Canada - Profile
- Spanning the north of the American continent, Canada has cruising grounds on both the western Pacific coast and the eastern Atlantic coast. The majority of Canadians, however, sail inland on the Great Lakes, which can be reached either by sailing up the St Lawrence river from the Atlantic or through the Erie Canal. Some like to make the round trip by sailing to Nova Scotia, up the St Lawrence to the Lakes and then back to New York and the US east coast through the Canal.
- For the decreasing number of yachts who take the northern route across the Atlantic, the island of Newfoundland, closest point to Europe, is their landfall or springboard. Cruising this northern island is strictly for summer months and even then it can be cold, wet and windy at times. The rewards are a vast choice of anchorages in small bays, harbours and islands and the few cruising boats sailing this far north can find complete isolation in beautiful surroundings.
- More often visited by foreign yachts is Nova Scotia, the first stop down-east from Maine. Halifax, the main harbour, is a large yachting centre and, like St Johns in Newfoundland, a transatlantic springboard and landfall.
- On the Pacific coast British Columbia boasts one of the most beautiful and dramatic cruising grounds in the world with its snowcapped mountains, waterfalls cascading down rugged cliffs, a myriad of islands and quiet, still fjords. The 282 mile (454 km) long Vancouver Island protects most of the mainland from the Pacific Ocean and so creates an inland sea. The most popular cruising area is the Gulf Islands in the south. Another good cruising area is at the north of the Strait of Georgia, where a cluster of islands border the magnificent Desolation Sound. North of this begins the inside passage to Alaska.

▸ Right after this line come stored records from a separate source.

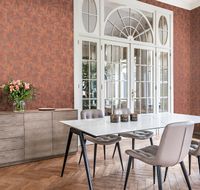 Обои Milassa Geometrica Флизелин (1*10,05) Коричневый, Геометрия арт-GM4 009/1 — фото 2, Обои для стен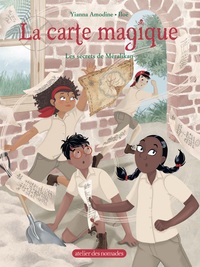 Image de La Carte magique tome 4 - Les secrets de Méralikan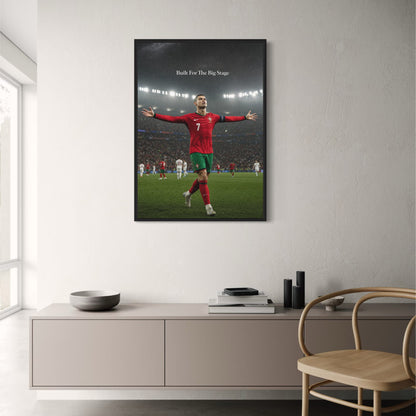 BUILT FOR THE BIG STAGE
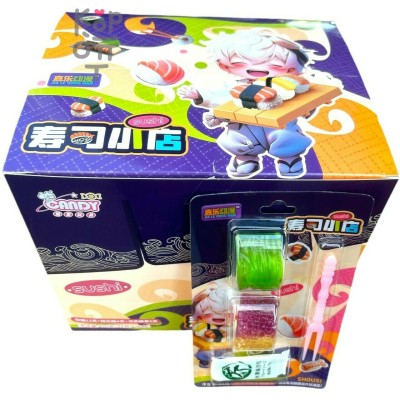 Конфеты жевательные Jia Le Candy - Ресторанчик Суши шефа дядюшки Ли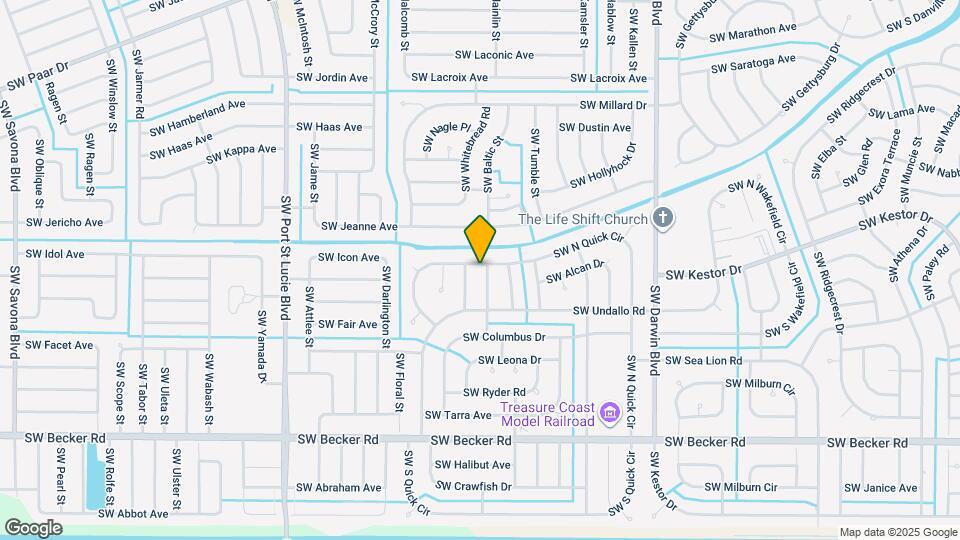 440 SW N Quick Cir Map and Location Details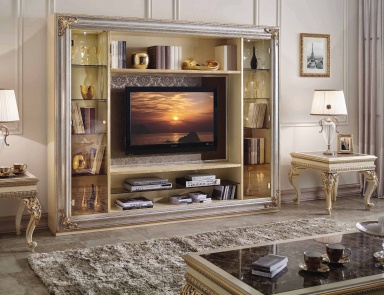 Shelving for books, Scappini & C 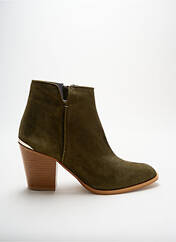 Bottines/Boots vert MYMA pour femme seconde vue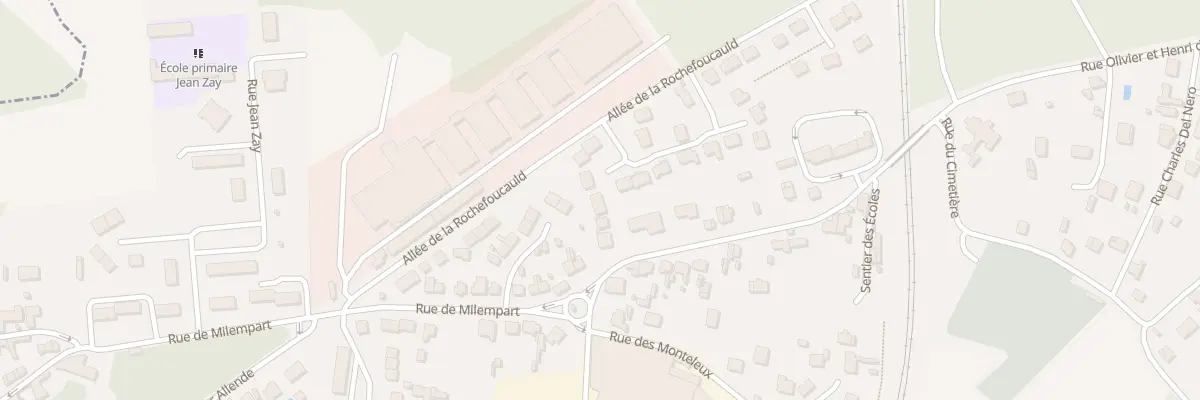Plan du 4 Rue Franz Schubert à Villeneuve-Saint-Germain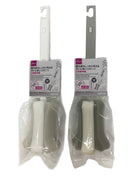 裏も底もしっかり洗えるボトル洗いスポンジ（２段階伸縮）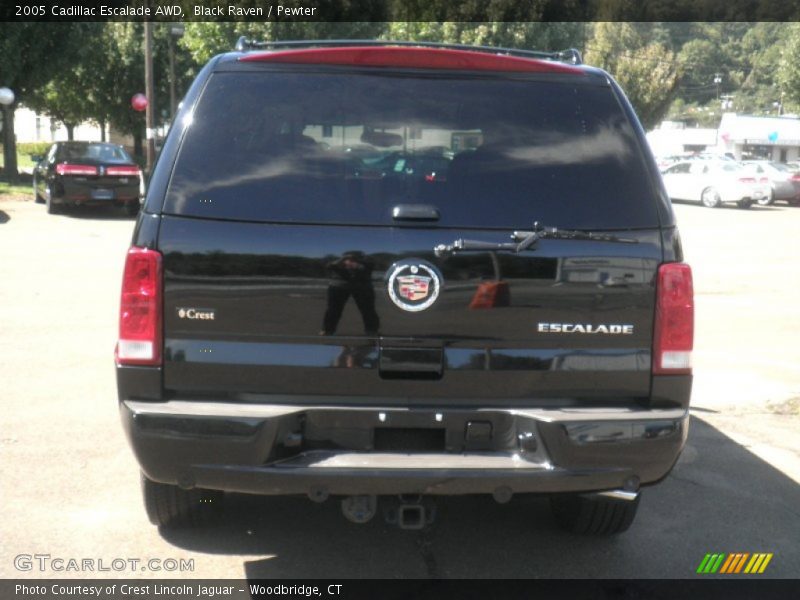 Black Raven / Pewter 2005 Cadillac Escalade AWD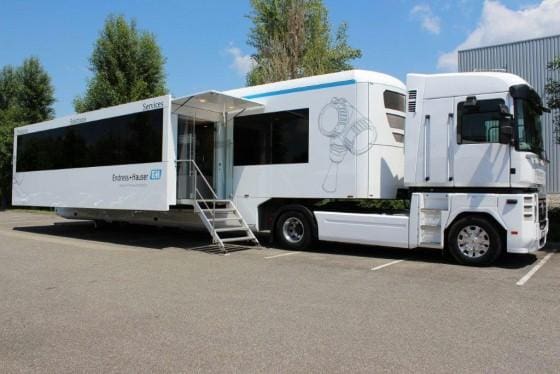 Article image of: Masterclass Safety met bezoek aan showtruck Endress+Hauser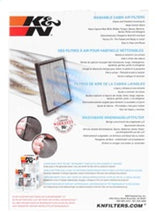 Load image into Gallery viewer, K&N 13-17 Subaru BRZ 2.0L H4 F/I Cabin Air Filter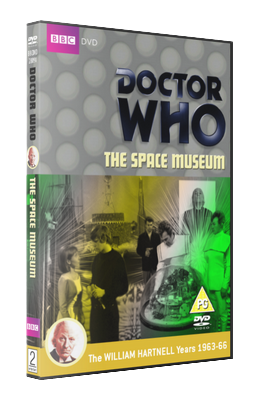 My photo-montage cover for The Space Museum - photos (c) BBC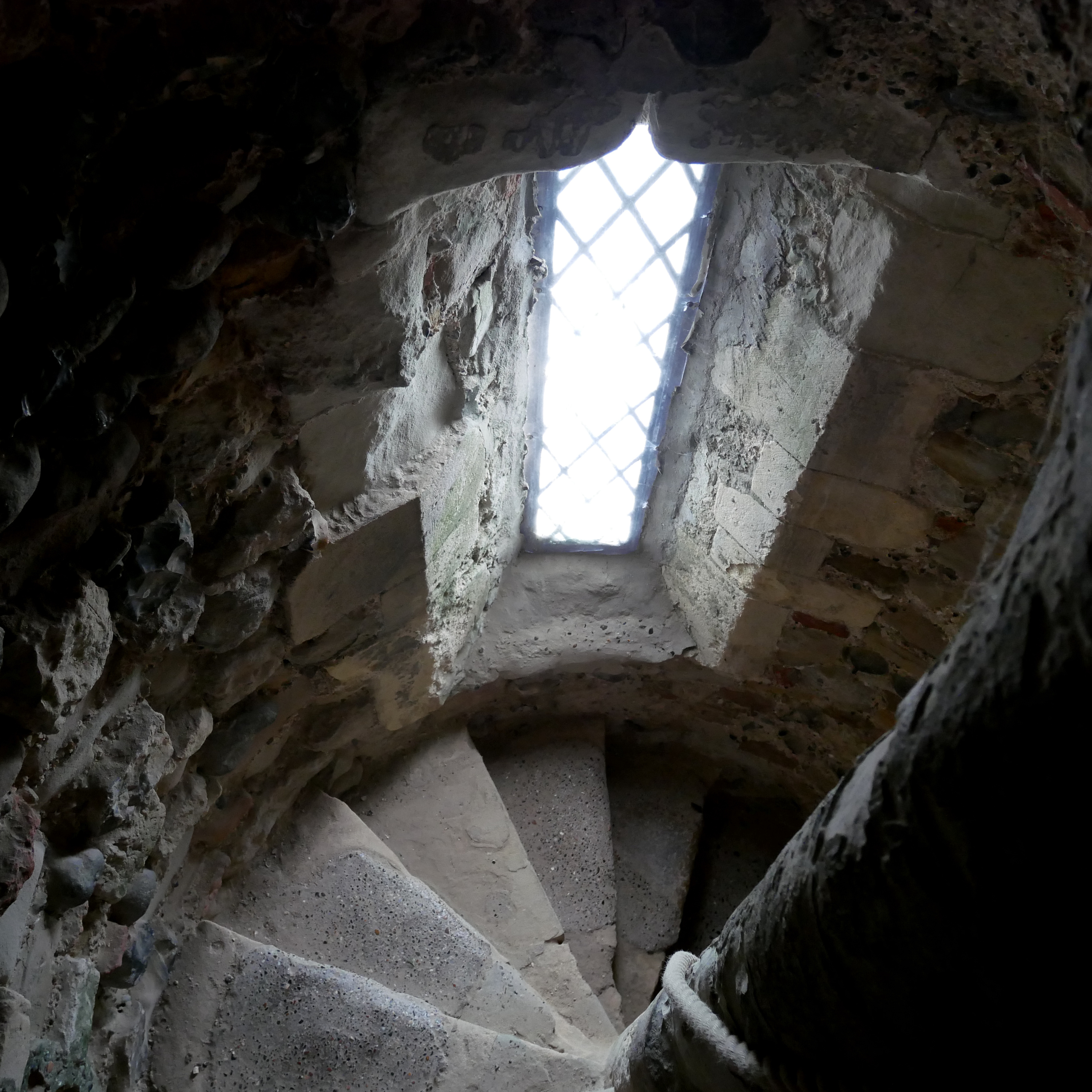 St. Mary’s Spiral Staircase of Secrets
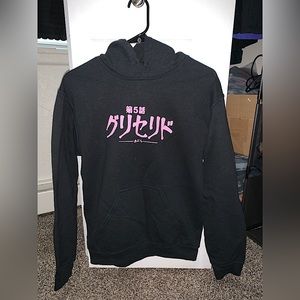 Hot topic junji ito collection hoodie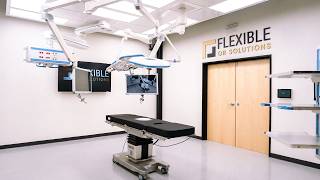 Flexible OR Solutions | Prefabricated Modular Operating Room Solutions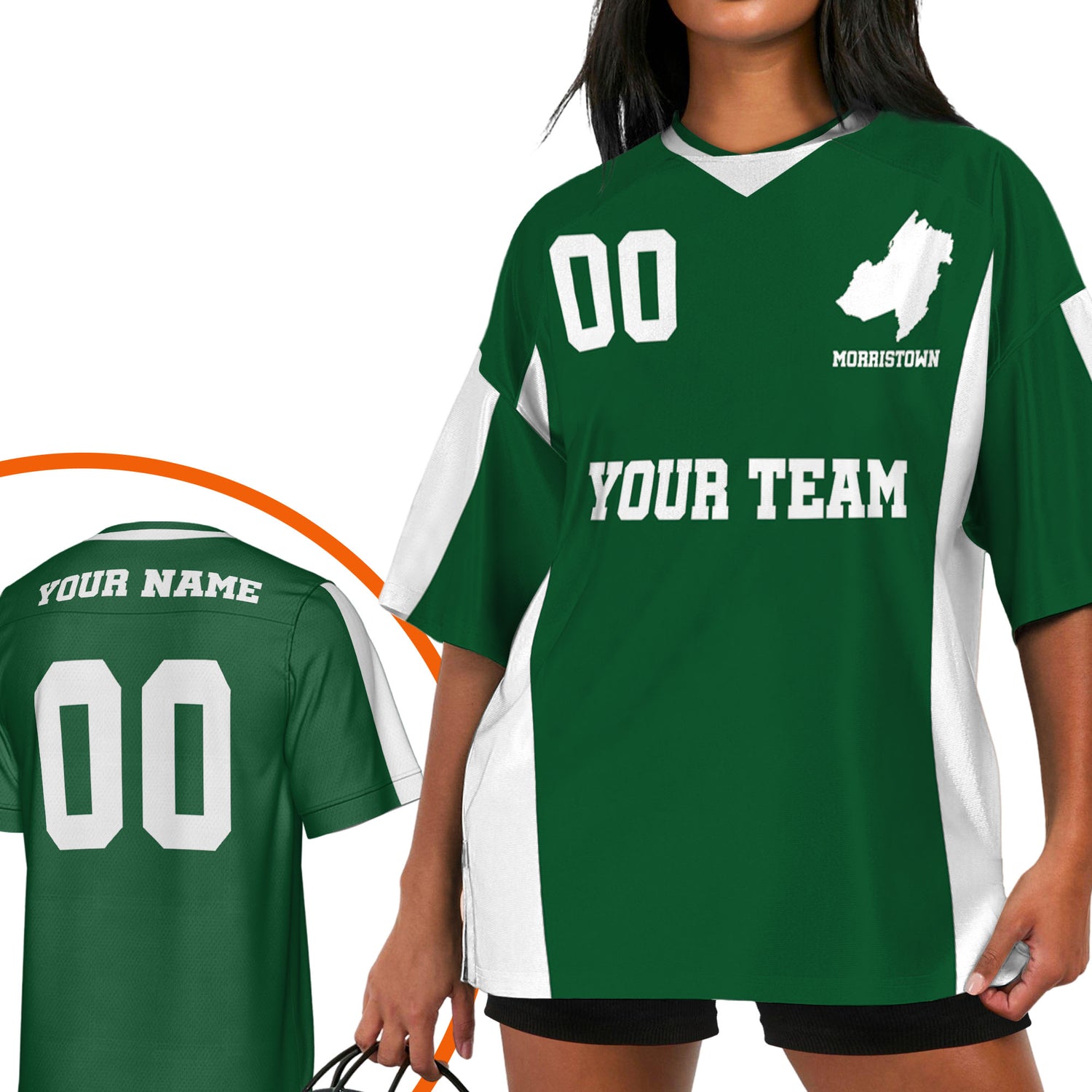personalized-football-green-v-white-jersey-football-custom-i2-5203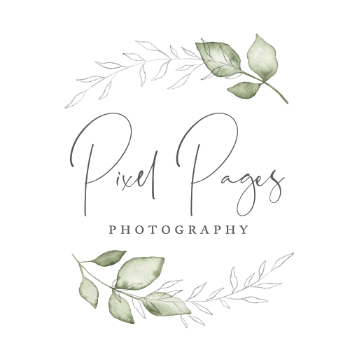 Pixel Pages Photography Logo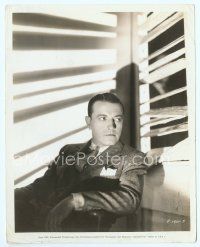 6a016 4 HOURS TO KILL 8x10 still '35 Richard Barthelmess in moody seated portrait by window!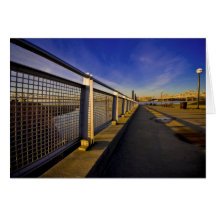 Waterfront Park Greeting Card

- A large tidal range and strong currents make for attentive navigation along this coast, as do the hazards of floating logs and kelp. All of the area is well charted and tide rips are marked. Fog can be a hazard and radar a great boon, especially as there is a lot of other traffic - logging tugs, fishing boats, fast ferries to and from the islands and, especially near Vancouver, commercial shipping. The rewards of nature, both in scenery and wildlife, including superb fishing, more than make up for the attentive navigation needed.
- There are good facilities in all major yachting centres. Marine equipment and fuel is more expensive than in the USA, whereas Canadian charts are cheaper than US charts. Provisioning is very good in larger ports, but only adequate in some of the smaller places.
- On the west coast, the best stocks of chandlery and general boat repair facilities are in Vancouver as well as Richmond, one of its suburbs. There are good docking facilities at the Royal Vancouver Yacht Club as well as the nearby marina and Vancouver Rowing Club, all of which welcome visitors and are close to the centre.
- Particularly north of Vancouver, grocery stores and fuelling stations are far apart. Nanaimo, on Vancouver Island, is a good provisioning place used by the local fishing fleet, so docking space is sometimes limited. There are several marinas in Pender Harbour, with stores, post office and fuel station. Similar services are available at Sullivan Bay on North Broughton Island. Good facilities are available in Prince Rupert, although the place gets crowded when the fishing fleet is in.
- On the Atlantic coast, Halifax, in Nova Scotia, has a wide range of repair facilities and services. There are three large yacht clubs in town and visitors can moor at the Maritime Museum of the Atlantic in the main harbour.
- Best repair facilities are at Lunenburg, an important fishing port, which has a very interesting fishing museum.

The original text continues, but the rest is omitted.